We Should Boycott Dubai Until It Revises Its Rape Laws
Tourists should avoid Dubai until it passes new laws to protect women who report being raped.
The city’s glitzy hotels and luxury retailers create a veneer of modernity over the desert city, nestled on the shores of the United Arab Emirates. In many ways, Dubai can count itself among the world’s international centers of commerce -- alongside London, New York and Hong Kong. But like the backwoods cast of CBS’s 1960s hit “The Beverly Hillbillies,” newfound oil wealth can put you in league with the global elite before you catch up with its social mores.
In the UAE, as in some other countries that use Islamic law, a woman can only help convict the man who rapes her if the accused confesses or four adult men must testify as witnesses.

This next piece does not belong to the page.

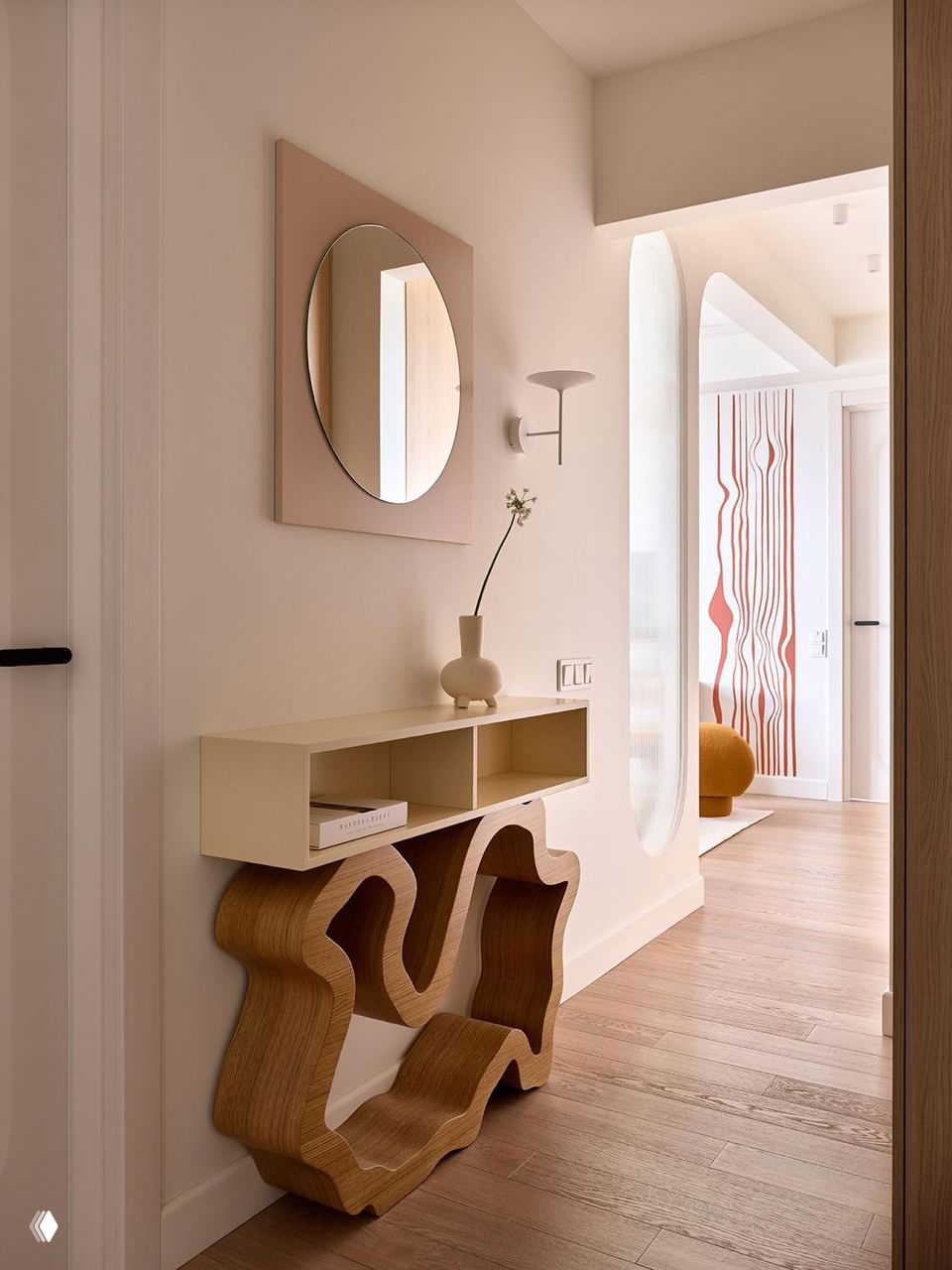 Прихожая с декоративной консолью необычной формы из рифленого дерева, овальным зеркалом и аккуратными пастельными акцентами в отделке.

So, when 24-year-old Marte Deborah Dalelv reported being raped by a colleague while on a visit to Dubai, the Norwegian woman was sentenced to 16 months in prison for having premarital sex, a crime in the UAE. She was pardoned on Monday by Sheik Mohammed bin Rashid al-Maktoum -- the kingdom’s vice president.

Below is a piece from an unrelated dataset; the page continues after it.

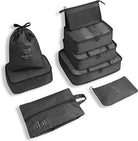 Set of black travel packing cubes and bags, including various sizes for organized luggage storage. Ideal for efficient packing and travel organization.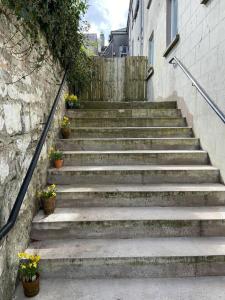 eine Treppe neben einem Gebäude mit Blumen in der Unterkunft Town house in ideal location central Enniskillen in Enniskillen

Norway’s foreign minister praised the pardon as a step forward, a progressive legal precedent for what he called a “rapidly changing society.”
He’s wrong.
All Dalelv’s pardon proves is that, to be treated with respect and sensitivity after being physically violated in an attack that can destroy victims’ lives, you must be a white, attractive woman with access to Western journalists.
In May, an Australian woman who spent eight months in prison in the UAE after being raped captured media attention with a series of interviews describing her hellish experience in jail. She, too, was pardoned after making headlines around the world.
Then you have the British woman reported being raped in a bathroom by a hotel worker in Dubai Marina three years ago, she was confessing to a crime of her own. She was jailed for drinking alcohol and having premarital sex, both crimes in the UAE.
Worse yet, consider the fate of the Indonesian hotel maid or Bangladeshi waitress -- some of the countless migrant workers in the UAE -- whose plight is unlikely to garner a segment on CNN International. Surely, the full might of sharia law will come down on them.
Earlier this year, Dubai said it would attempt to bolster its annual income from tourism to $82 billion by 2020. Until the UAE can meaningfully reform its laws on reporting rape, Western travelers should not help it get any closer to that goal.